- [Work request] Below are some records; copy them word for word and drop the pictures.

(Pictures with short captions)

##############################

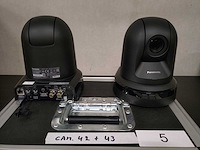 Panasonic - aw-he42 - dual ptz camera kit - afbeelding 4 van  4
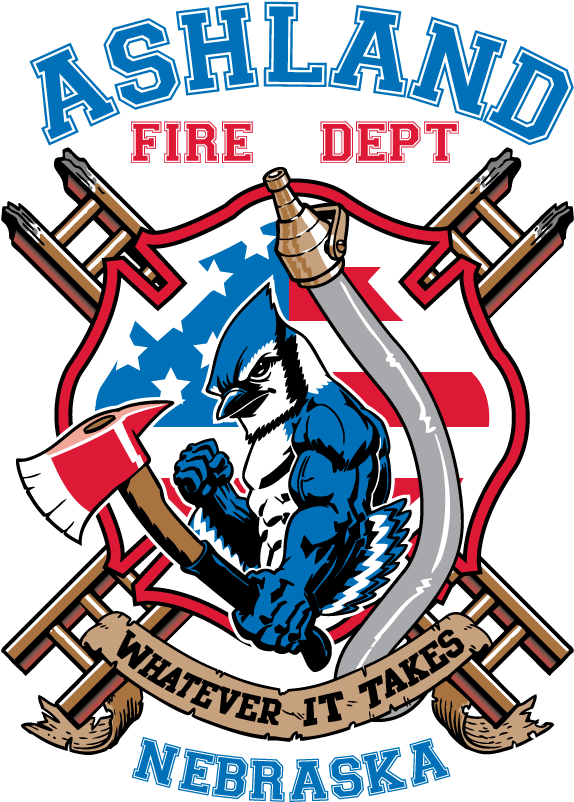 Ashland Nebraska Volunteer Fire Department Apparatus Clipart (833x801), Png Download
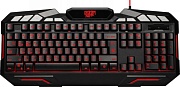 Клавиатура игровая проводная Defender DOOM KEEPER GK-100D, USB, черный [45100] Чёрный
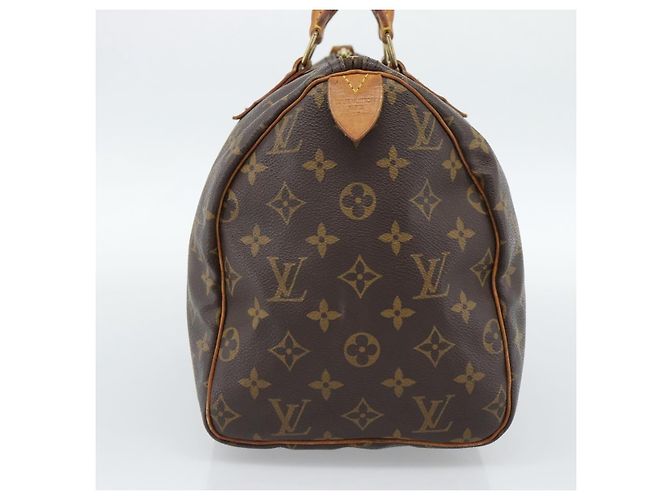 LOUIS VUITTON Borsa Monogram Speedy 30 M41526 LV Auth 188523A Monogramma - vista 3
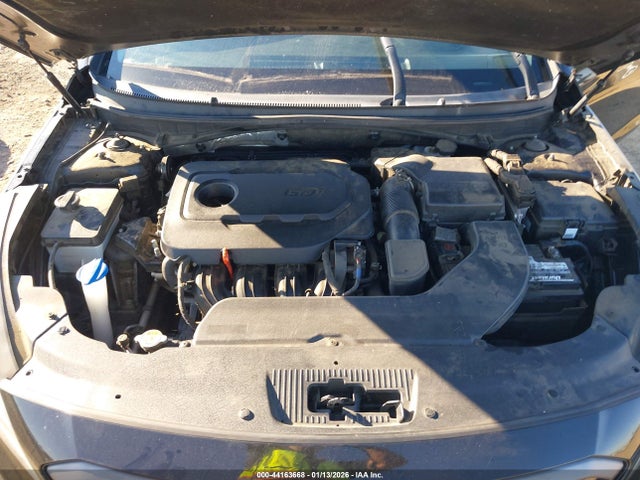 2017 HYUNDAI SONATA 5NPE34AF1HH474531 Photo 9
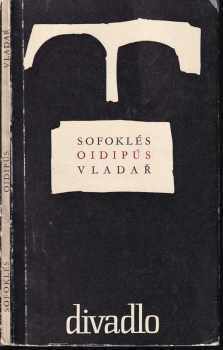 Oidipús vladař - Sofoklés (1963, Orbis) - ID: 142134
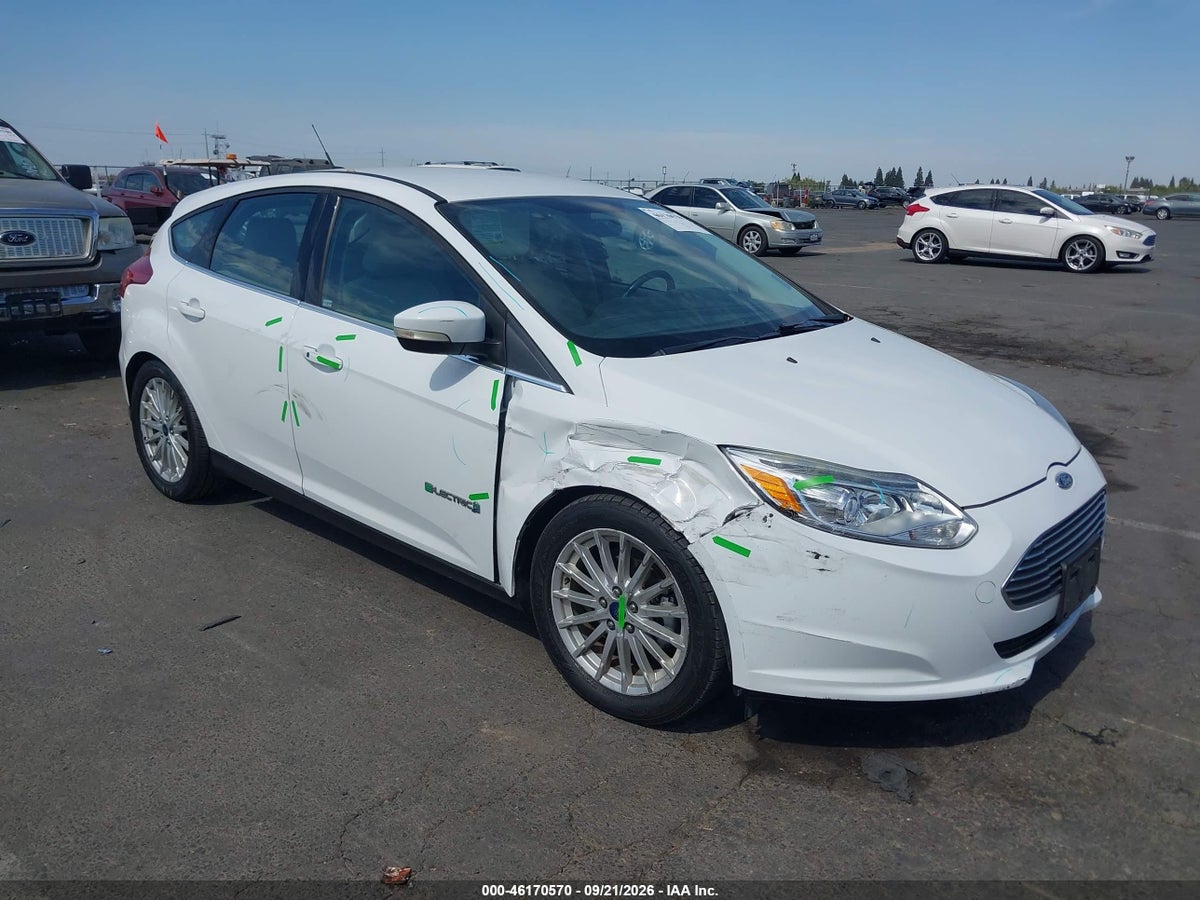 2018 FORD FOCUS ELECTRIC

##############################

- [Task solution]
 Panasonic - aw-he42 - dual ptz camera kit - afbeelding 4 van  4
 Ashland Nebraska Volunteer Fire Department Apparatus Clipart (833x801), Png Download
 Клавиатура игровая проводная Defender DOOM KEEPER GK-100D, USB, черный [45100] Чёрный
 LOUIS VUITTON Borsa Monogram Speedy 30 M41526 LV Auth 188523A Monogramma - vista 3
 2017 HYUNDAI SONATA 5NPE34AF1HH474531 Photo 9
 Oidipús vladař - Sofoklés (1963, Orbis) - ID: 142134
 2018 FORD FOCUS ELECTRIC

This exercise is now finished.